Играли ли они? Редко. Вернее, их любимой игрой был весь лучезарный сельский мир, и в нём они хотели взять лучшее, то, что расцветает и возрождается вдали от людских толп. Их невозможно было представить себе робинзонами или первопроходцами, они были лишены актёрского дара импровизации. Младший, однажды принимавший участие в труппе мальчиков, увлечённо разыгрывавших трагедию, сподобился в ней только немой роли «глупого дитяти».
И когда у меня, как у всех стареющих людей, пробуждается торопливый зуд вспомнить все тайны бытия давно отторгнутого, я обращаюсь к рассказам матери. Прочесть «код» непоседливой юности, с каждым часом уходящей в небытие и чудесным образом возрождающейся из самой себя; снова взобраться, опираясь на чью-то неизвестно откуда протянутую руку, на те холмистые выси, откуда суждено им было низринуться в кипящий людской водоворот, прочитать по складам имена неблагоприятных звёзд…

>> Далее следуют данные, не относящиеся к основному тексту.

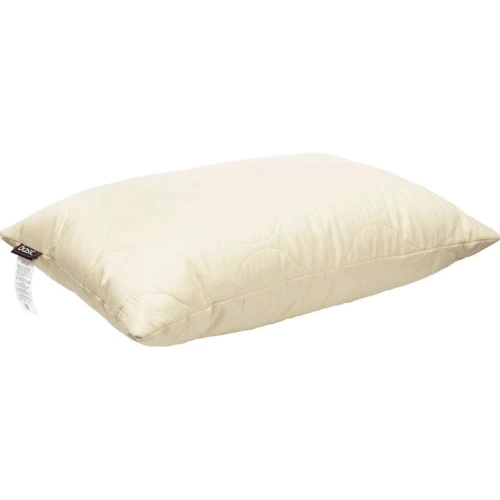 Ковдра Sonex Basic Gold 140х205 см + подушка 50х70 см (SO102372) фото 6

Я простилась с покойным несравненным старшим братом; но мне вновь придётся прибегнуть к материнским рассказам и крупицам, оставшимся от моего уходящего детства, коль скоро я стараюсь понять, как вырастал тот седоусый шестидесятилетний человек, который проскальзывает ко мне, едва опускается ночь, открывает мои часы, смотрит, как трепещет быстро бегущая секундная стрелка; отклеивает от измятого конверта иностранную почтовую марку; вдыхает, словно ему весь день не хватало дыхания, долгий, занесённый сюда порывом ветра музыкальный пассаж из «Колумбии» и, не сказав ни слова, уходит прочь…
Да, этот седовласый человек – тот самый шестилетний мальчуган, который бежал за нищими музыкантами, когда они проходили через нашу деревню. Одноглазого кларнетиста он провожал до деревни Святых – четыре километра, – а когда вернулся, мать уже обшарила все колодцы в округе.